Solon Automated Services, Inc., a Washington-based distribution if coin-operated washers and dyers, must pay $900,000 of commissions allegedly withheld fraudulently from its customers, under a Securities and Exchange Commission consent decree made public yesterday.

The payments must be made to the owners and managers of multi-family housing units where Solon machines are located.

Solon and most of its top executives, who were named by the SEC, consented to the complaint without either admitting or denying the charges.

The complaint, which was filed at federal court here, said that from 1966 the defendants entered into oral and written agreements with apartment home owners and others to install washers and dryers.

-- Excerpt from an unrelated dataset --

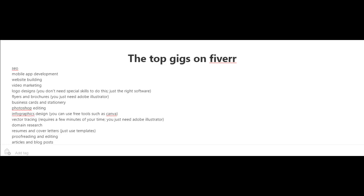And for logo designs, you don't really need special skills to do this. You just need the right software. There's also flyers and brochures. You can create that just using Adobe Illustrator. Business cards and stationery, Photoshop editing, infographics design.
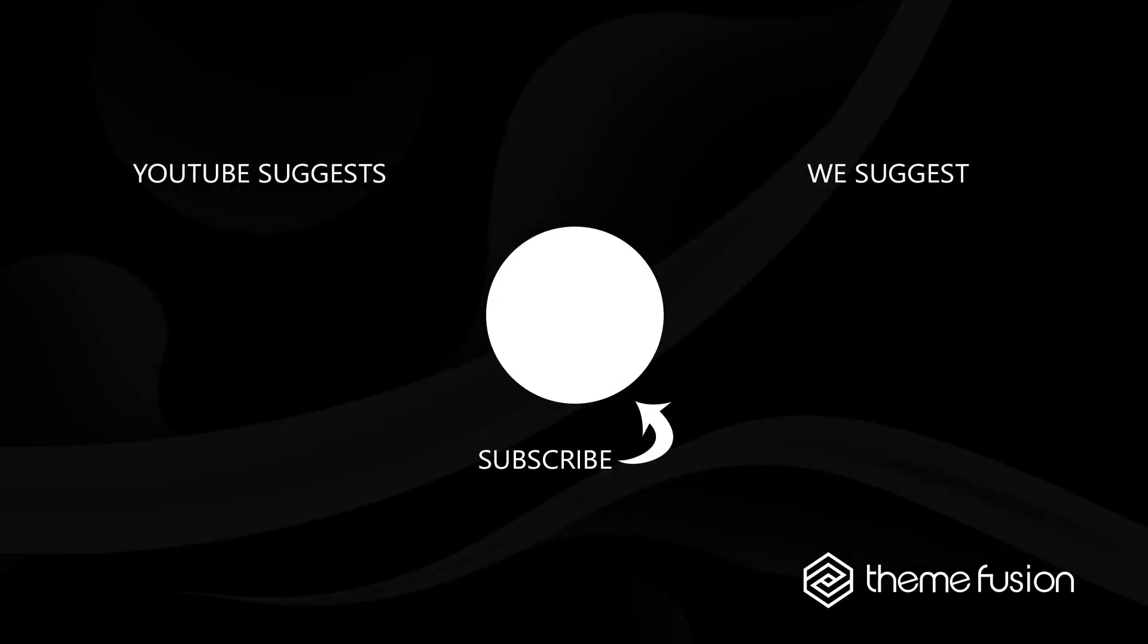OK, this concludes our video on how to use Avada custom branding. Make sure you subscribe to our YouTube channel to keep up with all the latest videos. And if you have any questions or need assistance, please create a support ticket and our team will gladly assist you. As always, we want to thank you for choosing Avada.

In exchange for using Solon equipment, the renters were paid commissions based on the amount of money deposited in the machines.

But the SEC alleged that Solon often did not pay the agreed percentage of commission. The equipment renter could not know the correct comssion owed because the money was taken from the machines by Solon employees, the SEC said.

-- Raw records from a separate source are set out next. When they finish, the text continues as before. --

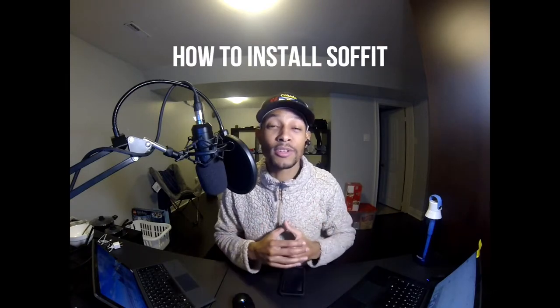Welcome back YouTube fam to Average Guy DIY. Today on this episode of Explained, we're talking about how to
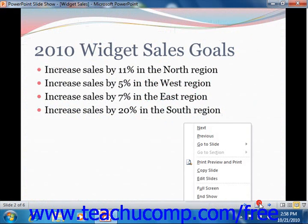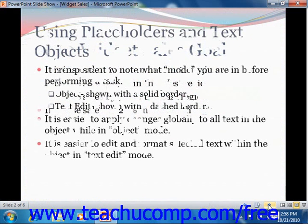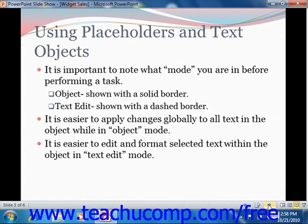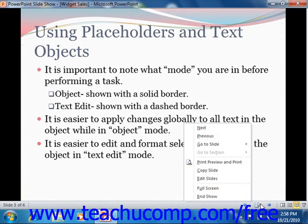You can click the Previous and Next buttons in this area to move to the previous or next slides. You can click the Menu button to view a pop-up menu of other slideshow options that you can select from as well. For example, you can select the End Show command from the pop-up menu to end the show and return to your previous presentation view. Alternately, you could also press the Escape key on your keyboard to exit Reading View.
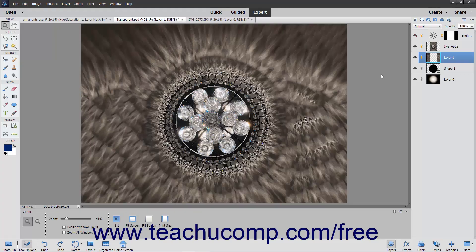You can also fully or partially lock a layer to protect its contents. When you lock layers, a lock icon will appear to the right of the layer name within the layers panel. The lock icon will appear with a small pixel image next to it when only the transparent pixels within an image are locked, and it will appear as a single, larger lock icon when all pixels within the layer are fully locked.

The SEC became involved because Solon is a publicly owned company which is traded in the over-the-counter market. It is currently trading at about $4 a share.

Named as defendants were: S. Solon Cohen, founder and chairman of the company who holds about 54 per cent of its stock; M. Roy Cohen, his son, who is president; Laurie R. Cohen, a daughter and company employee; Milton J. Raport, vice president: Irving Stern, secretary treasurer, Lew Lewis, vice president; and Murray Rosenstock, a Solon manager.

Solon is the largest company in its field. It had sales for fiscal 1976, ehich ended Sept. 30, for $42.6 million and earnings of $3.4 million.

As a part of the settlement of the SEC suit, Solon agreed to follow SEC dictated accounting procedures.